Con gli ottantatré scatti in bianco e nero che compongono l’opera, pubblicata in Francia da Robert Delpire nel 1958, e un anno dopo negli Stati Uniti da Grove Press, Frank rivoluziona il modo stesso di concepire la pratica e l’editoria fotografica e cambia per sempre la prospettiva del mondo sull’America, fornendo quella che John Szarkowski ha definito «la base per una coerente iconografia del nostro tempo».

L’intera sequenza delle vintage che appartengono al progetto originale arriva per la prima volta a Milano con «Americani. Robert Frank, la serie completa», mostra appena inaugurata allo spazio Forma Meravigli in collaborazione con la Maison Européenne de la Photographie di Parigi (fino al 19 febbraio). Frank procede per frammenti senza porsi il problema di fornire spiegazioni né di cucire storie.

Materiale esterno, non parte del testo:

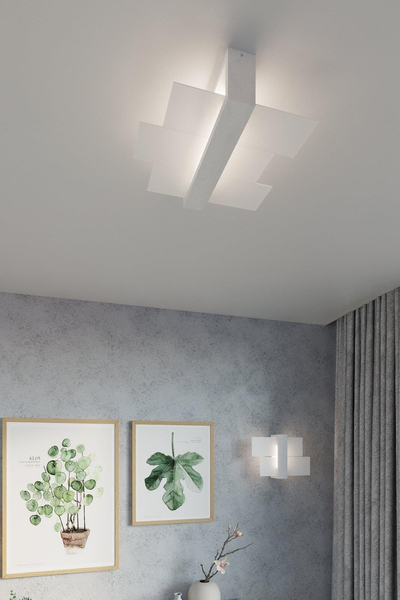 Plafon LAMPA sufitowa SL.0078 szklana OPRAWA drewno biała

In un quotidiano che nessuno si gira a guardare va a grattare la superficie dell’American way of life scoprendone le contraddizioni, il conformismo, l’ingenuità, l’egoismo sociale, l’intorpidimento da corsa ai consumi e il classismo conservatore, senza drammi ma con l’occhio libero e asciutto di chi si immerge in un Paese che non è il suo. Sbarca a New York nel 1947 e viene reclutato da Alexey Brodovitch come fotografo di moda per «Harper’s Bazaar», senza però interrompere il lavoro di fotoreporter freelance, che continua anche al ritorno in Europa tra 1952 e 1953.

Nel 1955 si aggiudica la borsa di studio della Guggenheim Foundation: parte in autunno per girare gli Stati Uniti a bordo di una vecchia Ford e rientra nella primavera del 1956 con 24mila fotografie scattate. Un viaggio che tocca l’essenza dell’America anni Cinquanta, inquadrata da uno sguardo innocente, tanto politico quanto intriso di poesia.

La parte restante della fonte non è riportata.